Extraordinaire mise en scene traduisant à merveille les massaces opérés par le temps, un film usant et fascinant. L'écran double traduit la rupture du couple, mais est également utilisé de manière intelligente de diverses manière, que ce soit le long (très long) cheminement des deux vieux qui déambule dans leur appartement labyrinthique sans jamais se croiser ; c'est l'échange entre le père et le fils qui se parle sans se comprendre, dans un champs / contrechamps légèrement désaxé ; ou lorsque dans une scène à trois, le père n'apparaît pas dans l'écran de la mère, entièrement dévoué à l'amour d'une mère et de son fils, tandis que le père disparaît progressivement de son propre écran, désynchronisé qu'il est de sa propre famille.
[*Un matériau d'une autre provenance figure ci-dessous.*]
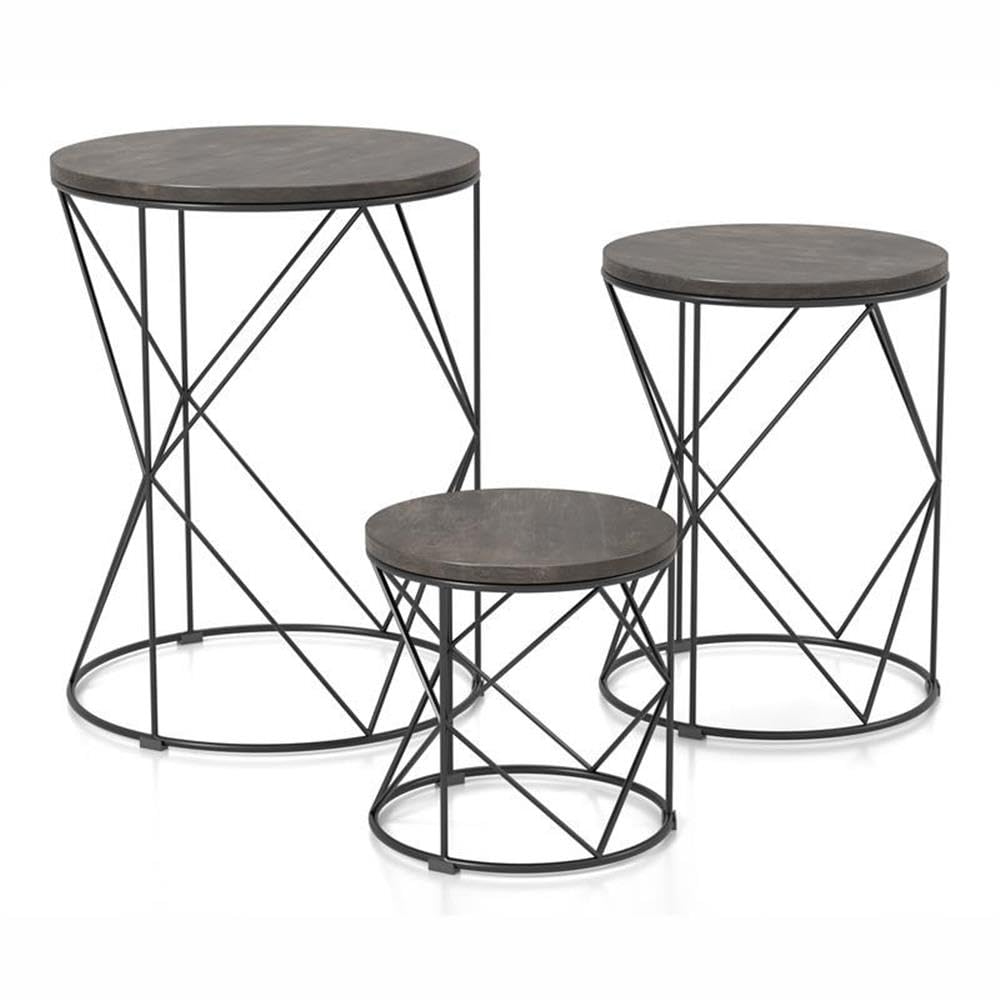 Furniture of America Nikova Contemporary Black Wood 3-Piece Nesting Coffee Tables - Perfect for Living Room, Office & Small Space Decor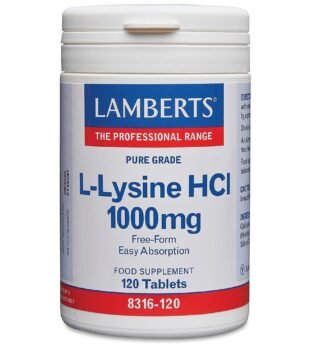 L-Lysine 1000mg 120 Comprimidos Lamberts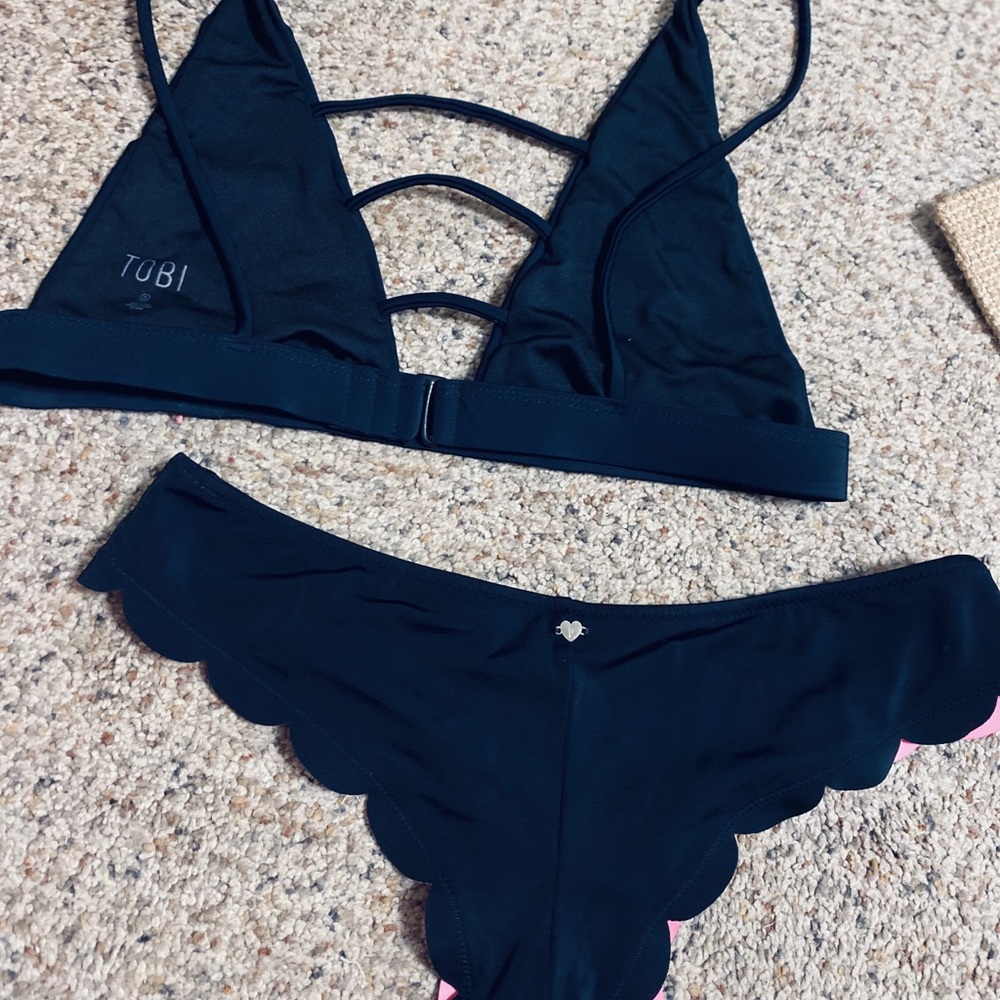 Black bikini strappy top sexy bottom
Thème mirroir, la mémoire, est formidablement traité. Pas seulement la perte de cette mémoire par la mère, personnage incroyablement touchant, mais aussi à travers ce décors, un appartement englué dans la masse des objets et surtout des livres qui fossilisent ce qui a été l'existence des amants. D'après la définition de Boris que l'on entend longuement à la radio au premier réveil du film, ce n'est plus de la mémoire, c'est du trauma. Et cet appartement qui semble enfermer le couple reste lui aussi seul une fois les deux vieux partis, et fini par oublier dans le grand déménagement post-mortem. Il est, à la fin du film, le dernier personnage du film, et on se rend enfin compte qu'il n'était pas seulement un décors mais un personnage à part entière, le corps véritable de ce couple disparu.
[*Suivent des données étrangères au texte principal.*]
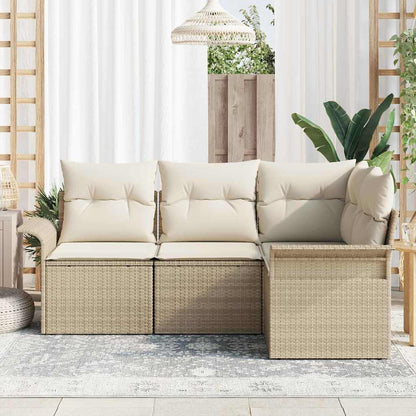 Garten-Sofa-Set mit Kissen mit Speicher 4 pcs Beige Poly Rattan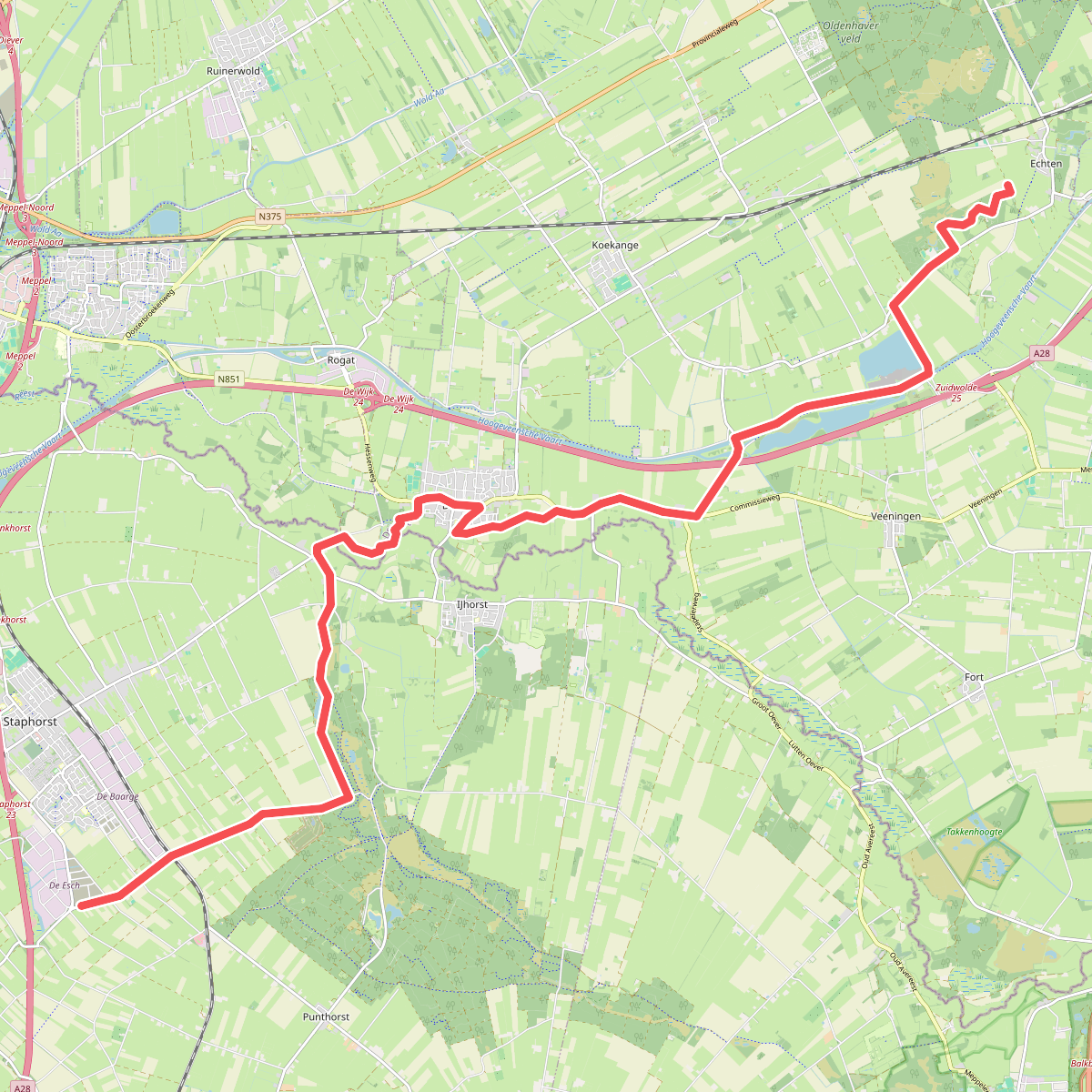 Echten - Staphorst · Jacobspad Uithuizen - Hasselt etappe 11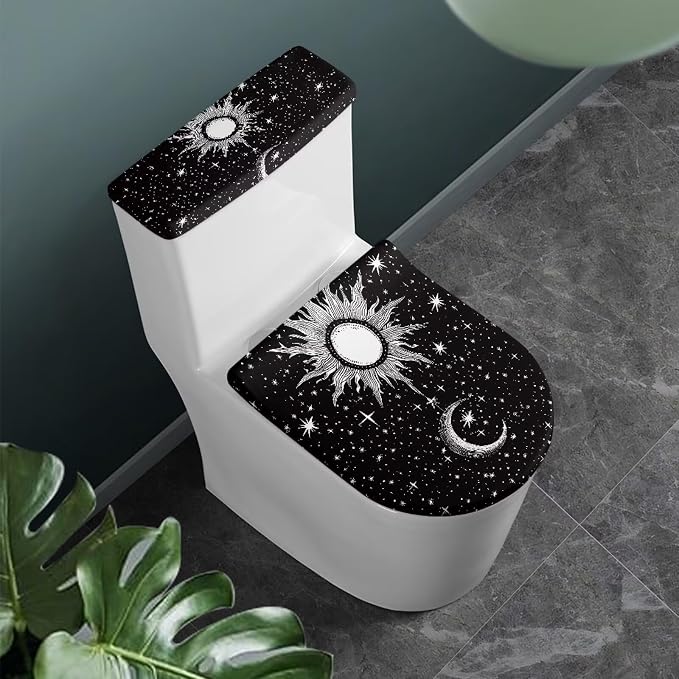 Toilet Lid Covers for Bathroom Set Gothic Toilet Seat Lid Cover Sun Moon Pattern, Washable Bathroom Decor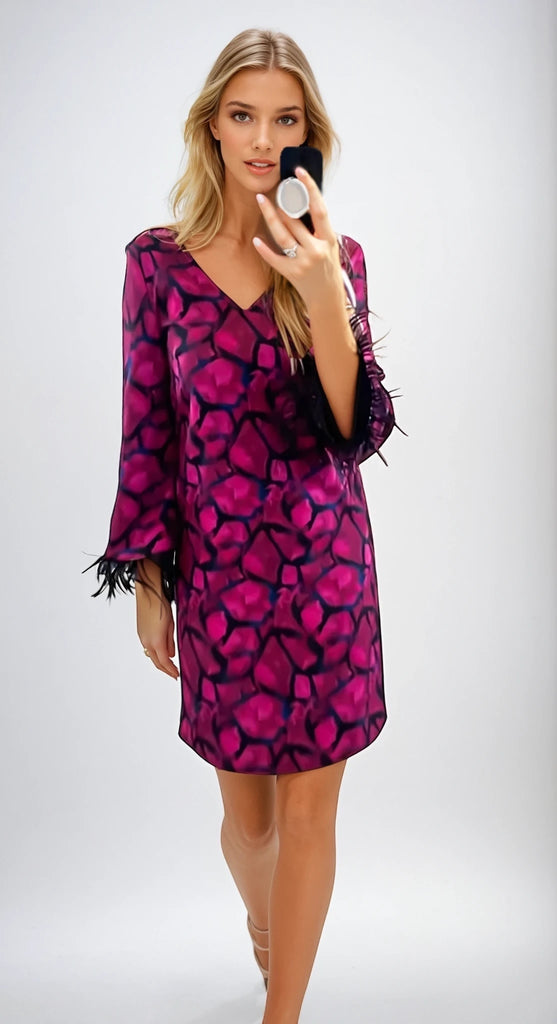 A2540 Celeste Magenta Shift Feather Dress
Toutefois, Gaspard, un homme ça s'empêche. Je ne comprends pas ses ajouts qui me semblent être des vérues inutiles là où la laideur d'un quotidien banal, car le naufrage est banal, aurait il me semble suffit. Cette claire, cette drogue, me semble autant de réflexes incontrolés d'un cinéaste du malsain, ce qui n'est pas le ton général du film. Le film est long, chiant mais hypnotique, ces scènes m'ont fait sortir de cette hypnose. Notamment la seule scène à la musique extradiégétique, qui m'a paru d'un ridicule achevé.